I’ve been using free SSL server certificates from StartSSL.com for many years. These are legit, free, certificates that last for a full year, not those 1-week trial sort of free certificates. This is, of course, before the time of Lets Encrypt, so StartSSL.com’s deal was quite cool.
StartSSL.com does have some unusual workflow, and a website UI that wasn’t too friendly. Some people were a little put off by it, but not me. Free was really nice. I used StartSSL.com’s service until last year, when I started to take an interest in ECDSA-based certificates, and found that they were unable to support these newer, though not that new, type of certificates. I was a little disappointed then. I ended up going with Comodo when I had to renew the SSL server certificate for ZitSeng.com. It was free too, as I somehow had a free credit from some promotion.

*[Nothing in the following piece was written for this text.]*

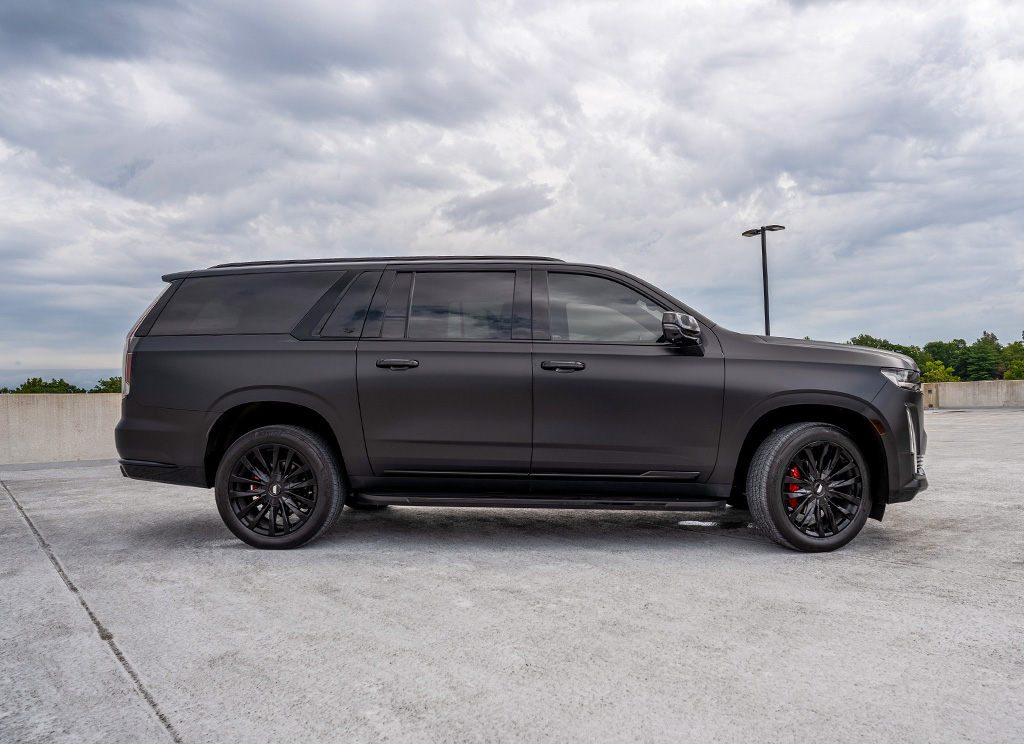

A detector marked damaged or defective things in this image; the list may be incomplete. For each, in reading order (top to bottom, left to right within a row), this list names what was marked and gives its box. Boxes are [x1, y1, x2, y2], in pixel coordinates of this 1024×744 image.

crack in concrete [1, 476, 184, 744]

The SSL server certificate for another of my websites was up for renewal recently, and I looked up StartSSL.com again. They have a new, modernised, better looking, web interface. I didn’t see any mention about having ECDSA support, but well, no harm trying right? It’s free. Unlike other paid services, you’ve got to fork out money first, upload your CSR, then find that ECDSA isn’t supported.
So, long story short, StartSSL.com now supports elliptic-curve public keys, and will generate ECDSA-based certificates.
In case you need some help, here’s how you generate your keys:
$ openssl ecparam -out server.key -name secp384r1 -genkey
There is how you generate your CSR, which you upload to the certificate authority:
$ openssl req -new -key server.key -out server.csr
That’s it. StartSSL.com generates your certificate immediately, and you can then go install the same way you had done before.
You can read my earlier post to understand why Elliptic Curve Cryptography (ECC) keys and ECDSA-based certificates are superior than the more common RSA certificates.
Let’s Encrypt, incidentally, still doesn’t seem to have ECDSA support. It’s a pity.